Para llevar a cabo este análisis, el procedimiento aquí presentado se apoya en la metodología seguida en el HCM 2000 del TRB y en el Manual de Capacidad Vial de la SCT. Por esto, se recomienda al lector consultar estas referencias con el propósito, si es del caso, de desarrollar análisis más detallados. Por otra parte, se profundiza más en el estudio de intersecciones con semáforos: se les considera como dispositivo de control, y se hace el cálculo de la distribución de los tiempos del semáforo para ciertas condiciones prevalecientes dadas.

Muy rara vez se encontrará que todos los accesos de una intersección funcionen en las mismas condiciones. Por lo tanto, se debe hacer referencia a las capacidades de los diferentes accesos para movimientos críticos en carriles simples o agrupados.

A diferencia de los sistemas viales de circulación continua, en las intersecciones con semáforos, la capacidad no está totalmente correlacionada con determinado nivel de servicio, por lo que ambos conceptos deben estudiarse separadamente. El análisis de capacidad, implica el cálculo de la relación volumen / capacidad para movimientos críticos en carriles simples o agrupados, mientras que el análisis del nivel de servicio se basa en la demora media de los vehículos detenidos por la acción de los semáforos.  

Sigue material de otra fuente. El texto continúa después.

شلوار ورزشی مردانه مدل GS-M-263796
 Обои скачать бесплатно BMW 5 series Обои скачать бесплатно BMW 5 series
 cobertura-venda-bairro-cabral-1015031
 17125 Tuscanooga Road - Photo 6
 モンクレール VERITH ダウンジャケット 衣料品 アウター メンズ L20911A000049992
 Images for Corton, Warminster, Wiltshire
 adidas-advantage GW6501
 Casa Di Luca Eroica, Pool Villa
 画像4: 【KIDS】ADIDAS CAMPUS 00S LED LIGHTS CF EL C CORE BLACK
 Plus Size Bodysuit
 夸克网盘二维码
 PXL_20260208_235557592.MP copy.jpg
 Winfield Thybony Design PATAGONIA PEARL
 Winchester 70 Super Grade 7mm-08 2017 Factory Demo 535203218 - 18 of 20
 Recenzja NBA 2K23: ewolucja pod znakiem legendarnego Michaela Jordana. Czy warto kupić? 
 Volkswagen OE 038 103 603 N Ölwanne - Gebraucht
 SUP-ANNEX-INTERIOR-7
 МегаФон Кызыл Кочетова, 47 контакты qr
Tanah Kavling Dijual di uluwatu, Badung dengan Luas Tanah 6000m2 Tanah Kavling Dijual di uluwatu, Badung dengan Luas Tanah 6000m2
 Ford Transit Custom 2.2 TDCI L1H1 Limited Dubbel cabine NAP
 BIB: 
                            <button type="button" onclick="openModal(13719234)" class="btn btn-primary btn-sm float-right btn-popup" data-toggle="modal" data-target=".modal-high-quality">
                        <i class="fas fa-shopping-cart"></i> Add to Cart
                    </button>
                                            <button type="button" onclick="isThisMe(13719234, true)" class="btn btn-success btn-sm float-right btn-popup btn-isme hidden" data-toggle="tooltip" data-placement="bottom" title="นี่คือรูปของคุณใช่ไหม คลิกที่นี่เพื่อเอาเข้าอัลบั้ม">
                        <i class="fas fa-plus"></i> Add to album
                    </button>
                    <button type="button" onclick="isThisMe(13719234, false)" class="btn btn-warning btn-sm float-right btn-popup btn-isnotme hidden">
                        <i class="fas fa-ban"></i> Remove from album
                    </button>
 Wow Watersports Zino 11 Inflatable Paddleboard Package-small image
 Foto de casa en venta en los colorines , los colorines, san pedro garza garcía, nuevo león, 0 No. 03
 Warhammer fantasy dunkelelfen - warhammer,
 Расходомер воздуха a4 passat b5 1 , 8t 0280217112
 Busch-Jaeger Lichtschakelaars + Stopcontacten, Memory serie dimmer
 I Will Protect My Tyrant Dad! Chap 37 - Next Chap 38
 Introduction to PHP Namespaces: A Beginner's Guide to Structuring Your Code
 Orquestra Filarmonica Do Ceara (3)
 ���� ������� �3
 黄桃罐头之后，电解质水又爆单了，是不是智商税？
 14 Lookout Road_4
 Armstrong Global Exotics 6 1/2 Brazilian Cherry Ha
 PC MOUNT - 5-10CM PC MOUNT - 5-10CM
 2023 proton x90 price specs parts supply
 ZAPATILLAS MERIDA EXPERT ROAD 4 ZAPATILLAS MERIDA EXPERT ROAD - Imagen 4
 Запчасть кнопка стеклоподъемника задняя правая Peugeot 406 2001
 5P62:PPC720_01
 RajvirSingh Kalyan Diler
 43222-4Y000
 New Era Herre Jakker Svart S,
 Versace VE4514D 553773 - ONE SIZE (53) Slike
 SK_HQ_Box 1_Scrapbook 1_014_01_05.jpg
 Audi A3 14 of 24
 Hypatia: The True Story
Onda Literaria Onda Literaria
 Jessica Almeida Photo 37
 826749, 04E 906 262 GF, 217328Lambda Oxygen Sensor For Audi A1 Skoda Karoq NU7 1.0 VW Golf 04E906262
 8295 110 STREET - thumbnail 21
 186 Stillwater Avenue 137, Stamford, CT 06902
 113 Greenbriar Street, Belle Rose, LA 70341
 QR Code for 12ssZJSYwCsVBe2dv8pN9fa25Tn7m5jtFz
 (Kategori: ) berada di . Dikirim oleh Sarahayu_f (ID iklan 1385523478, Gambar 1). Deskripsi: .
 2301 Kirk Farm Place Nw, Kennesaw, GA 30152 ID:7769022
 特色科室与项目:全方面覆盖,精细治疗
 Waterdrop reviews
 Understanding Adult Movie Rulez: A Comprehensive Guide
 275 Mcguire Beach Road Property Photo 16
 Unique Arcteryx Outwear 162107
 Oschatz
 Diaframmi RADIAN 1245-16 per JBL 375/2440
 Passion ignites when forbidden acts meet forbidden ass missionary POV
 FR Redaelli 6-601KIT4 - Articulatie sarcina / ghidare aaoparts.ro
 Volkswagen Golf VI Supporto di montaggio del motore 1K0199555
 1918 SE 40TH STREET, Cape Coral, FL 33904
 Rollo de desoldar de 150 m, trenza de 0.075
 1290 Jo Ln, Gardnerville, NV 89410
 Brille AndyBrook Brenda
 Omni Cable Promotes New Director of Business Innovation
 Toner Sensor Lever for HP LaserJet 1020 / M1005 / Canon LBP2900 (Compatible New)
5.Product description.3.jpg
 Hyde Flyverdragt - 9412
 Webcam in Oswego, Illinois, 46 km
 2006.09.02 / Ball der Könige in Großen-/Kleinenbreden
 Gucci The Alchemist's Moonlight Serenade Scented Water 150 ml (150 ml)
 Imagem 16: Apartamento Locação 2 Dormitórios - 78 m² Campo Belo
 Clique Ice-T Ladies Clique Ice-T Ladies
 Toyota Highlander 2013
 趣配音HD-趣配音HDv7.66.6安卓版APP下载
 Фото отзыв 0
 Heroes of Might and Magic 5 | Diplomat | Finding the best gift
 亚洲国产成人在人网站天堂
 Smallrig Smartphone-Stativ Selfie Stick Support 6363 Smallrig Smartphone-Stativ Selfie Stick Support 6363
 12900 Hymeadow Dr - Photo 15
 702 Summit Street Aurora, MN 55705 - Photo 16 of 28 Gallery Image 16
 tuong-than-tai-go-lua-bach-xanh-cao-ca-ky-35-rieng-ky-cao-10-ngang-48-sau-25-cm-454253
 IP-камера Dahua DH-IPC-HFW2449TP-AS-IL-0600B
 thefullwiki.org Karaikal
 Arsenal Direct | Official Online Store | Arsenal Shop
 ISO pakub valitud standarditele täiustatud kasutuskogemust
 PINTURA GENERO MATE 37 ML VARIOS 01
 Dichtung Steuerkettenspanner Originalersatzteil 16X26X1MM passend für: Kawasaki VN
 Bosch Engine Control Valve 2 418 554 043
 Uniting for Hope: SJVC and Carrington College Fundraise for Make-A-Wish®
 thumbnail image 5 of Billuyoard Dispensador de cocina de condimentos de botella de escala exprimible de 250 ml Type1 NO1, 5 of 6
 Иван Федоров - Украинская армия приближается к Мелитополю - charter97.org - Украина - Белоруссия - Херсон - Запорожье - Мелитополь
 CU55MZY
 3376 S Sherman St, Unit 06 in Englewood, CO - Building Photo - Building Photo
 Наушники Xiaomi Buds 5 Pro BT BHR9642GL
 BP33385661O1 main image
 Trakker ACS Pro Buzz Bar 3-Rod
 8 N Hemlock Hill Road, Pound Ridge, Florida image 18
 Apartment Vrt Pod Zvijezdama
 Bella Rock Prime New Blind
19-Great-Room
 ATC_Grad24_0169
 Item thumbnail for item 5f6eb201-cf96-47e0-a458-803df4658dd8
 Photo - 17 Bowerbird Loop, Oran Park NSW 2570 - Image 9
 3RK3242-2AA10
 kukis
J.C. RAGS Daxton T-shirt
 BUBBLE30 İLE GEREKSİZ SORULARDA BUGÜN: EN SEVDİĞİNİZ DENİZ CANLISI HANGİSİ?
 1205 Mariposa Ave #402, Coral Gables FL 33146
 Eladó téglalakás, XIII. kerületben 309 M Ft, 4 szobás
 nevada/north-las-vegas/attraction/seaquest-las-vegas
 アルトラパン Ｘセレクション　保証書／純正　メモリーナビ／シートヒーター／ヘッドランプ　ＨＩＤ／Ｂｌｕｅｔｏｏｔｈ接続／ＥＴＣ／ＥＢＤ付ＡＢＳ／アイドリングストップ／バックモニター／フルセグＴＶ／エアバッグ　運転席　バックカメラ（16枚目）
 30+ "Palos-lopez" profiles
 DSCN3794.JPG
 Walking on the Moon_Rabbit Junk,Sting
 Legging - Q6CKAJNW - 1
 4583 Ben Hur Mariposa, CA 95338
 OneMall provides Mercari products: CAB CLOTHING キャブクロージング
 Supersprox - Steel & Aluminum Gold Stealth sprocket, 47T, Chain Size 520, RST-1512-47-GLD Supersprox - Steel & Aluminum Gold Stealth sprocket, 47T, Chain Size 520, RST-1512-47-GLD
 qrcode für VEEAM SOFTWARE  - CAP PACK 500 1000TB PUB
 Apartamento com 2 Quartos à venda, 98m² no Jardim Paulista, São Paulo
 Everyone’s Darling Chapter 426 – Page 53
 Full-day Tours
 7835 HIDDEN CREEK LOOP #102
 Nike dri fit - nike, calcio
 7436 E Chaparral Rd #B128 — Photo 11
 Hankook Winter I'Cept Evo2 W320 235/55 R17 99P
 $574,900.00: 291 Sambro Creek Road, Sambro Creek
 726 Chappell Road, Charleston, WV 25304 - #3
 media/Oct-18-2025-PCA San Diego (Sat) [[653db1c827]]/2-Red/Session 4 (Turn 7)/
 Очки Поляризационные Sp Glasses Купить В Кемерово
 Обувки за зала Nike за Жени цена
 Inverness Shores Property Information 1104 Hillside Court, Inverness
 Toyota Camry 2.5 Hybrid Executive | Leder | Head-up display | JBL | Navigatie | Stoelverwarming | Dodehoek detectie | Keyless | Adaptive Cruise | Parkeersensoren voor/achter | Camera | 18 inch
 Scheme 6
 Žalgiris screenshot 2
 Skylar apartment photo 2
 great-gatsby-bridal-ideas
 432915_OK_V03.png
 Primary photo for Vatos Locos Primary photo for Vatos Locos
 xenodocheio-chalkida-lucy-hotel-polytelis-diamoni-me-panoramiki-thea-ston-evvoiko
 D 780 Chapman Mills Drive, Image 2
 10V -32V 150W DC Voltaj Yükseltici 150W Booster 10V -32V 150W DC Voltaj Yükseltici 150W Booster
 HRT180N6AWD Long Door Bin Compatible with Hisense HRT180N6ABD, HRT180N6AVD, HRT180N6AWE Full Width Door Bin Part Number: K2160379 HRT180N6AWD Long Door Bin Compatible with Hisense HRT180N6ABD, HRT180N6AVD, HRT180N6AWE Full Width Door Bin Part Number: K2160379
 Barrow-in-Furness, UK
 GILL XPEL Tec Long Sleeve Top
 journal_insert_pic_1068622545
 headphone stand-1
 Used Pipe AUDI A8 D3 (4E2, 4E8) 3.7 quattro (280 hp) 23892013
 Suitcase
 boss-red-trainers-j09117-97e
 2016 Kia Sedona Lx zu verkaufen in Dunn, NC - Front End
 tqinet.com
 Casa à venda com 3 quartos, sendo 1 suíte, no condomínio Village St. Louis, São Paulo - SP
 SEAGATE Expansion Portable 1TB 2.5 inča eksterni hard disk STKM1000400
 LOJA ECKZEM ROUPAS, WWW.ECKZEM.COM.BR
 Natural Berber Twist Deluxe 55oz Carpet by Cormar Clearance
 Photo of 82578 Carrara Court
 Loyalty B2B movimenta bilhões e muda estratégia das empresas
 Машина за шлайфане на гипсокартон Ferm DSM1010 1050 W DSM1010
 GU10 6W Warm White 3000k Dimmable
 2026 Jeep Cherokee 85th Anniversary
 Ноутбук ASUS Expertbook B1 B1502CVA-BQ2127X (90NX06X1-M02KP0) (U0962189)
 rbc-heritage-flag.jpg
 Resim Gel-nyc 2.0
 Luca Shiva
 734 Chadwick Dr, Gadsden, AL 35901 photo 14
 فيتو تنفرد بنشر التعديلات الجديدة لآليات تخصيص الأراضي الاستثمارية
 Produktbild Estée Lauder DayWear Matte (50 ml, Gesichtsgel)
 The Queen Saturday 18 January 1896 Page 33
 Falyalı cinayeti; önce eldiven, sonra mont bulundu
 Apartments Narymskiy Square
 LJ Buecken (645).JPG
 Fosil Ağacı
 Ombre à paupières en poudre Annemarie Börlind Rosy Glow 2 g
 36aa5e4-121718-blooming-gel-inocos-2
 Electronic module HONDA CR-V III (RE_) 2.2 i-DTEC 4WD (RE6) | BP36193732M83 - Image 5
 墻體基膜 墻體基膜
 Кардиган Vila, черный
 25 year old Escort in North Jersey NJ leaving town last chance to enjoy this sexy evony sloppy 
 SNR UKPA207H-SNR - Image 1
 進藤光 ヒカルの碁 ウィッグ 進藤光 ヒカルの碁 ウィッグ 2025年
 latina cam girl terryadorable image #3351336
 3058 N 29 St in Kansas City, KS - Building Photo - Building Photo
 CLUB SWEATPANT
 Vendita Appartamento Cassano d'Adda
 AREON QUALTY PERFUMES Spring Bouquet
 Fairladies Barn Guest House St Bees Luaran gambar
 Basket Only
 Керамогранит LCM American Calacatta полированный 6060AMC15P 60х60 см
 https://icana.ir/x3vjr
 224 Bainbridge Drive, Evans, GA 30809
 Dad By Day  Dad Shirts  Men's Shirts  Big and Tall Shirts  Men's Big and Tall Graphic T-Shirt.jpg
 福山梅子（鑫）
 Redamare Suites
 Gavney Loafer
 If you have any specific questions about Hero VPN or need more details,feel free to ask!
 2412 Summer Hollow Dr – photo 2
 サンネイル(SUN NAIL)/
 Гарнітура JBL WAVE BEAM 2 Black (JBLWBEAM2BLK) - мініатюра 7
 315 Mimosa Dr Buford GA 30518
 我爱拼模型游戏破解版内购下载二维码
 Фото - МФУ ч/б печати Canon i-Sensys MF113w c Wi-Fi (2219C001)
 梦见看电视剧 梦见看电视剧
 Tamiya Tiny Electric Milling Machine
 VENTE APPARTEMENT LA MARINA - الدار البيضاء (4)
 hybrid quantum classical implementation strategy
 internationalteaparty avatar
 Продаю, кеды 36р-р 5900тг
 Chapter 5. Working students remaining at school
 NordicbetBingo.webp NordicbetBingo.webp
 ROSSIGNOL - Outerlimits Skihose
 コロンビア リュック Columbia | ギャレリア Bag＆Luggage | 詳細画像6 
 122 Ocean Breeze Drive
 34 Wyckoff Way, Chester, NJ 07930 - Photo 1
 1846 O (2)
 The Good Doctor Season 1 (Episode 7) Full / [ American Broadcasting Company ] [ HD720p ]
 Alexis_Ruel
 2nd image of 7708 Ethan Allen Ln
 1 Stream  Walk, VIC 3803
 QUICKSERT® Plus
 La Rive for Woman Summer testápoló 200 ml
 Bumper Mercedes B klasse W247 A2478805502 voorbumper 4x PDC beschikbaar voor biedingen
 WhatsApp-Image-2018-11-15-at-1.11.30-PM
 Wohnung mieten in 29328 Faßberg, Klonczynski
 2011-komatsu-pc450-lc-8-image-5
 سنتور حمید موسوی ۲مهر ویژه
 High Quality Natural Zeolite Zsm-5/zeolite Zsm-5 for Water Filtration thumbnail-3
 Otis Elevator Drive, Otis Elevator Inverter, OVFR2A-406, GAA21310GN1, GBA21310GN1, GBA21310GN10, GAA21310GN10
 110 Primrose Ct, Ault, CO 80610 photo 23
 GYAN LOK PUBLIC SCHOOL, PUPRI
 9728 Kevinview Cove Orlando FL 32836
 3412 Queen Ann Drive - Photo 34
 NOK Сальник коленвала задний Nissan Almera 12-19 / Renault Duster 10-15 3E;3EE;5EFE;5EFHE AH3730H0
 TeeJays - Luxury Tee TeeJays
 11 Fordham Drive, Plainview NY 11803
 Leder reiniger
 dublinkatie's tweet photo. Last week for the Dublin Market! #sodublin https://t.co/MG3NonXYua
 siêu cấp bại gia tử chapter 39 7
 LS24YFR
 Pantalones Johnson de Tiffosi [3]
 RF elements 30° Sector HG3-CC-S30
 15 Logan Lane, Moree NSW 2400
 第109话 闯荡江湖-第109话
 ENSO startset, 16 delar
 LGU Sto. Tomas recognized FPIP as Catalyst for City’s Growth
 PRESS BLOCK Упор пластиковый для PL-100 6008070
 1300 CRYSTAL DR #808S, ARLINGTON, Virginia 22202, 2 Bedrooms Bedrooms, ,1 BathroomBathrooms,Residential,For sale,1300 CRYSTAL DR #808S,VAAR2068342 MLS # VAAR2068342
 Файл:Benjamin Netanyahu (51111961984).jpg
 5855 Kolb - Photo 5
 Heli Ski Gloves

METODOLOGÍA DE ANÁLISIS OPERACIONAL

Mediante el análisis operacional se determina la capacidad y el nivel de servicio de cada grupo de carriles o acceso, lo mismo que el nivel de servicio de la intersección como un todo o globalmente, a partir de una información detallada de las condiciones prevalecientes geométricas, del tránsito y del control semafórico.

Condiciones  geométricas

La geometría de la intersección generalmente se presenta en diagramas, que se refieren a la configuración física de la intersección en términos de número de carriles, ancho de carriles, movimientos por carril, ubicación de estacionamientos, longitudes de bahías para vueltas y pendientes de los accesos.

Condiciones del tránsito

Se debe disponer de los volúmenes de tránsito para cada movimiento en cada acceso y su composición en términos de automóviles, autobuses y camiones. Se debe considerar también el número de autobuses urbanos que realizan paradas, antes y después de la intersección, para cargar y/o descargar pasajeros. Los autobuses que no paran se consideran como vehículos pesados.